→ EXERCISE DETAILS:
Please transcribe every entry below exactly, without including the pictures.

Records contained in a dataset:
§ §
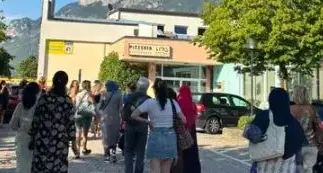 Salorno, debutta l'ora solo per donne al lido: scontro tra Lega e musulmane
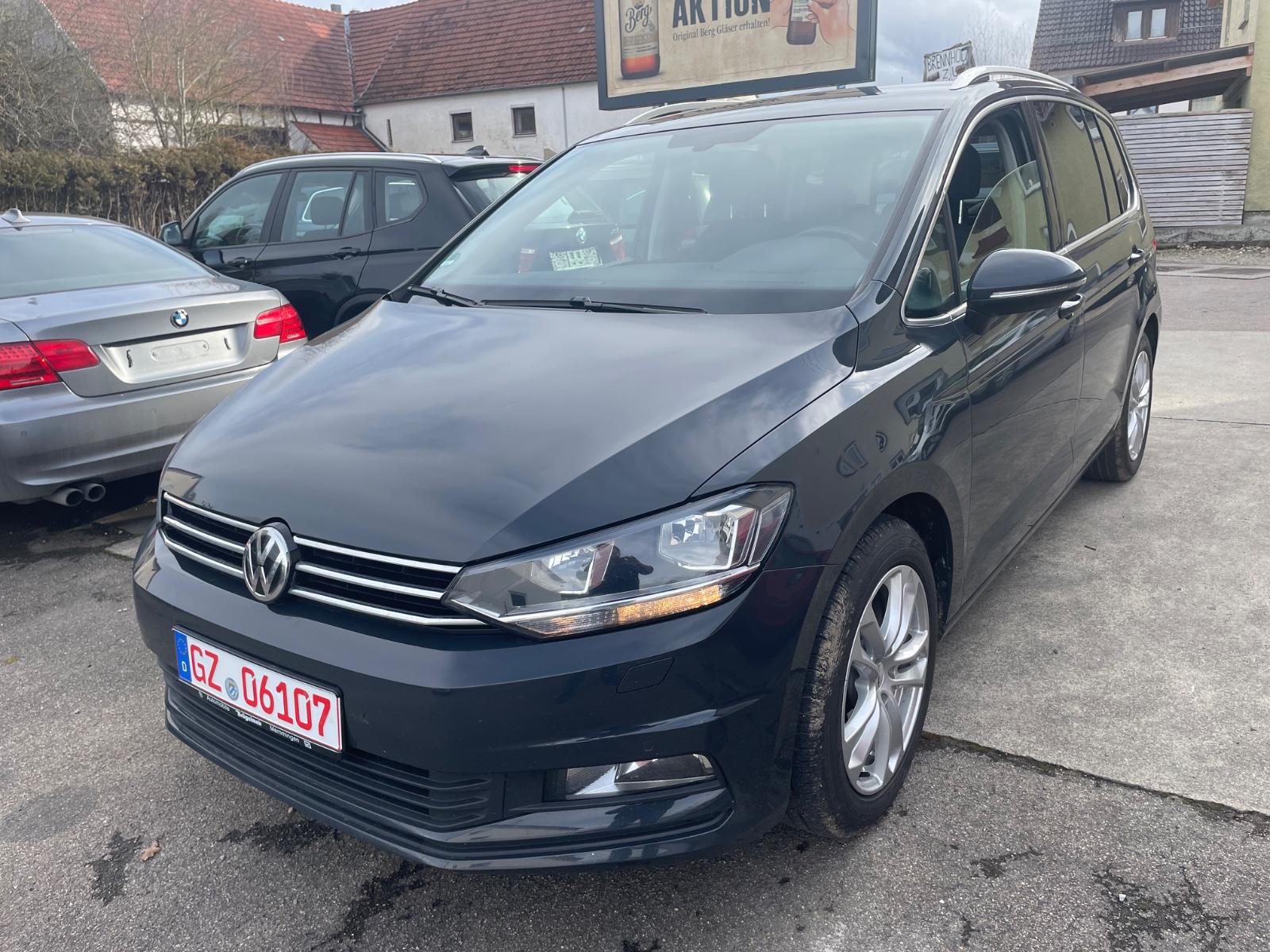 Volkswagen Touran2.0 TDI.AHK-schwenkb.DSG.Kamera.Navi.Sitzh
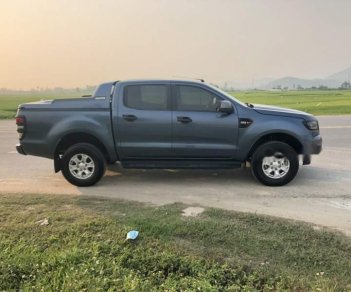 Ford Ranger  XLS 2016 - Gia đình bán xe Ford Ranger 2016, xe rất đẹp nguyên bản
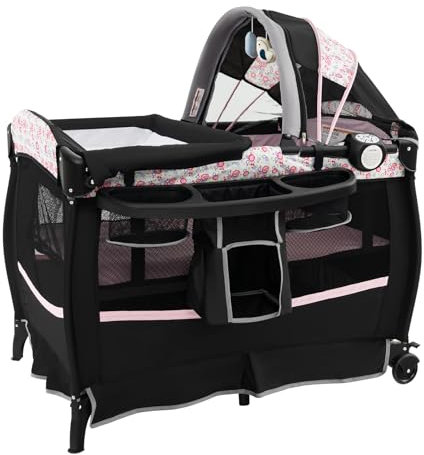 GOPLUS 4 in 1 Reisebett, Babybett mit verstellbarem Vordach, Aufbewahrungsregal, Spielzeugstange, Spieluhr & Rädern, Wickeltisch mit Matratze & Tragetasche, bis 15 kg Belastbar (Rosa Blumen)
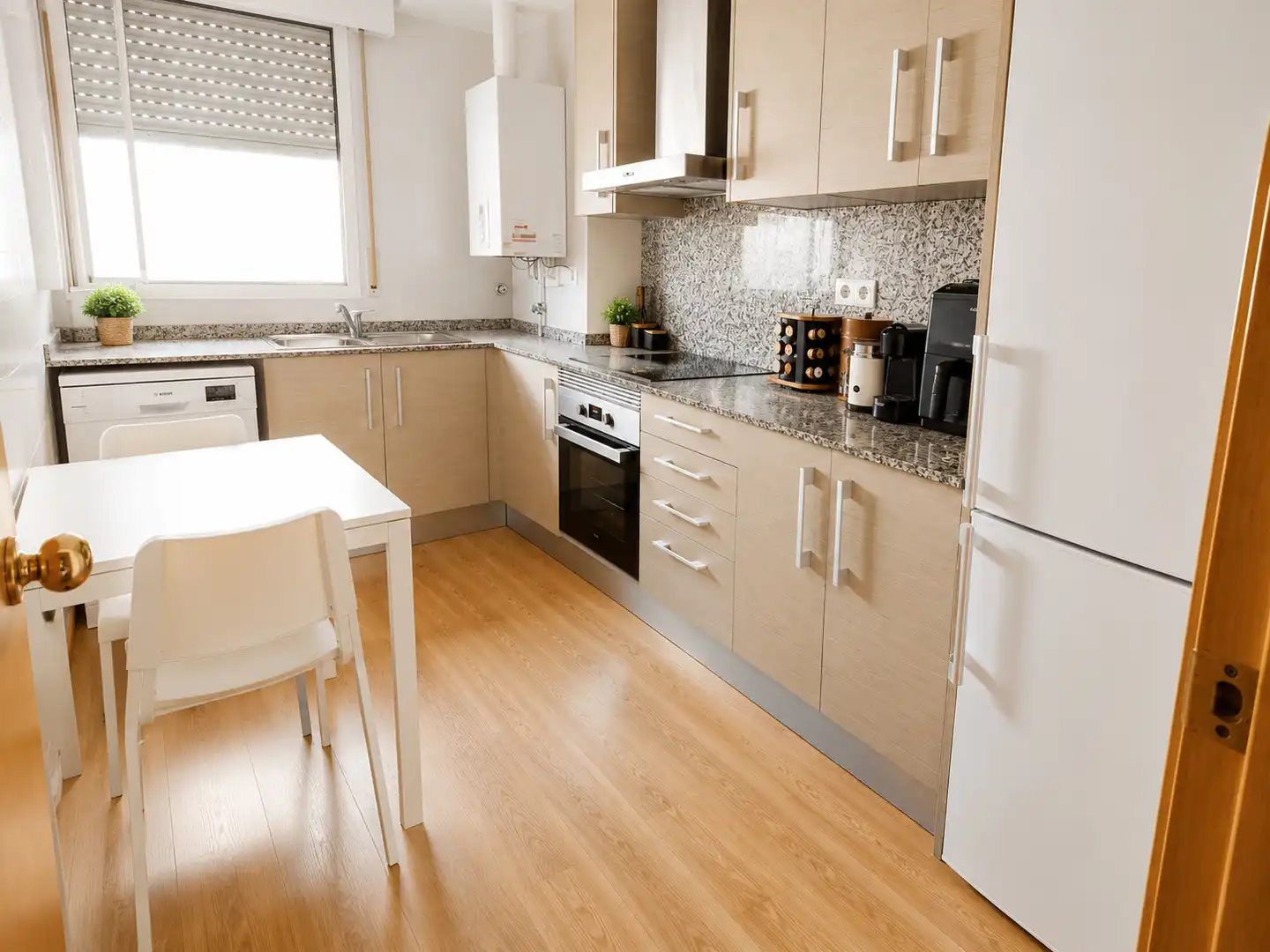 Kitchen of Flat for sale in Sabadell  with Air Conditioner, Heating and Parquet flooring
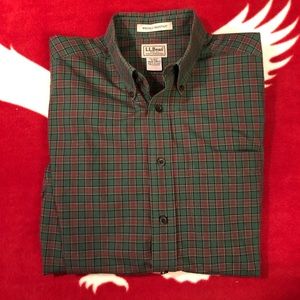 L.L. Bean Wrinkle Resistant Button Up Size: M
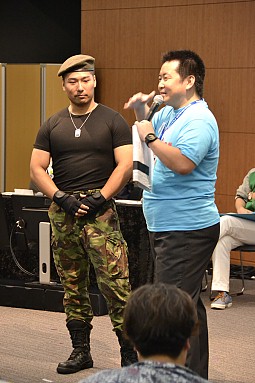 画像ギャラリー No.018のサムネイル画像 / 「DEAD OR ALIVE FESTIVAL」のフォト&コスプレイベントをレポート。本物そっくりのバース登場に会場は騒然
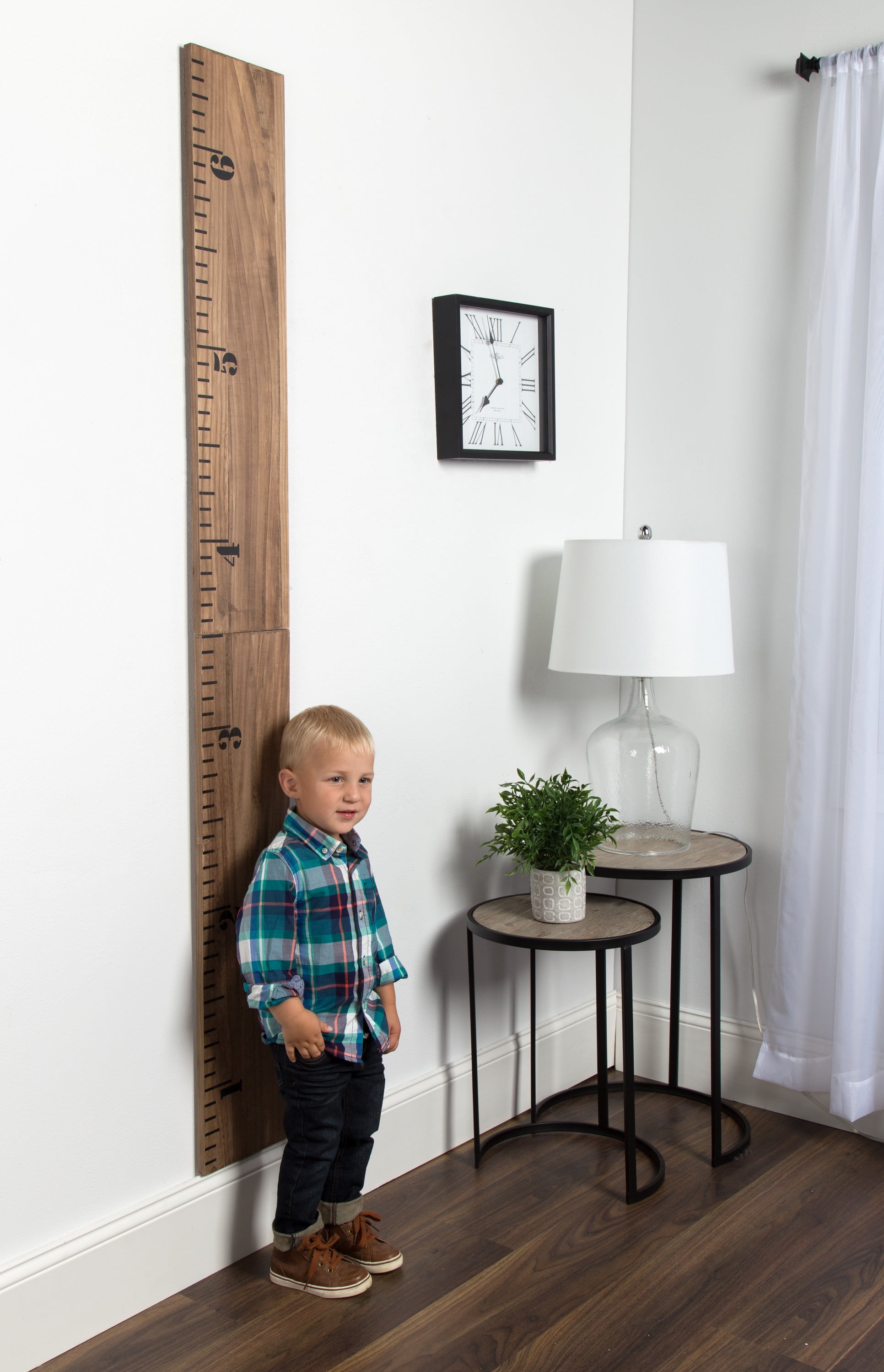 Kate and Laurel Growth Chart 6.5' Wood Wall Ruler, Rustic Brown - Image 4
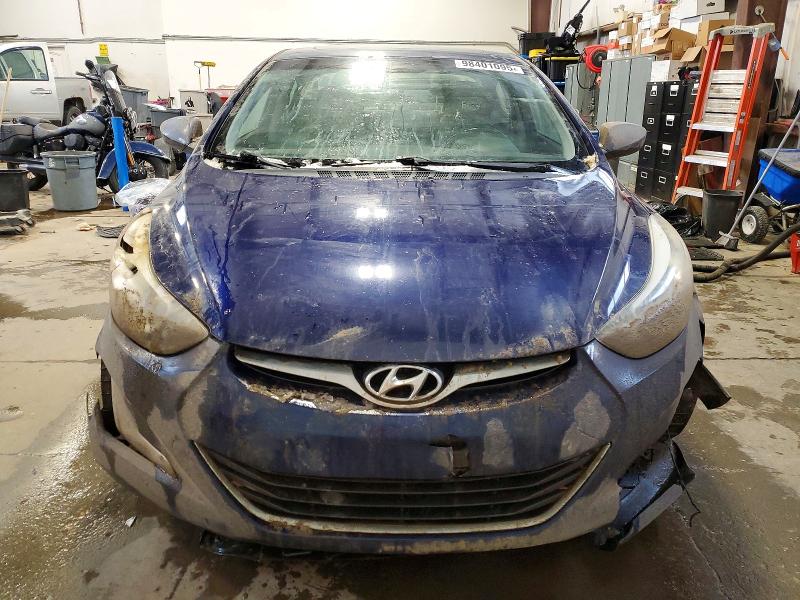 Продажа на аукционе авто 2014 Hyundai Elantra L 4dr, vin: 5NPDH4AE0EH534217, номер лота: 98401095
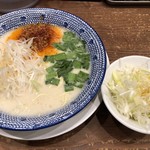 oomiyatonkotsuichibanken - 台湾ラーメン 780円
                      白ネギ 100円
§ §
→ EXERCISE OUTPUT:
 Salorno, debutta l'ora solo per donne al lido: scontro tra Lega e musulmane
 Volkswagen Touran2.0 TDI.AHK-schwenkb.DSG.Kamera.Navi.Sitzh
 Ford Ranger  XLS 2016 - Gia đình bán xe Ford Ranger 2016, xe rất đẹp nguyên bản
 GOPLUS 4 in 1 Reisebett, Babybett mit verstellbarem Vordach, Aufbewahrungsregal, Spielzeugstange, Spieluhr & Rädern, Wickeltisch mit Matratze & Tragetasche, bis 15 kg Belastbar (Rosa Blumen)
 Kitchen of Flat for sale in Sabadell  with Air Conditioner, Heating and Parquet flooring
 L.L. Bean Wrinkle Resistant Button Up Size: M
 画像ギャラリー No.018のサムネイル画像 / 「DEAD OR ALIVE FESTIVAL」のフォト&コスプレイベントをレポート。本物そっくりのバース登場に会場は騒然
 Kate and Laurel Growth Chart 6.5' Wood Wall Ruler, Rustic Brown - Image 4
 Продажа на аукционе авто 2014 Hyundai Elantra L 4dr, vin: 5NPDH4AE0EH534217, номер лота: 98401095
 oomiyatonkotsuichibanken - 台湾ラーメン 780円
                      白ネギ 100円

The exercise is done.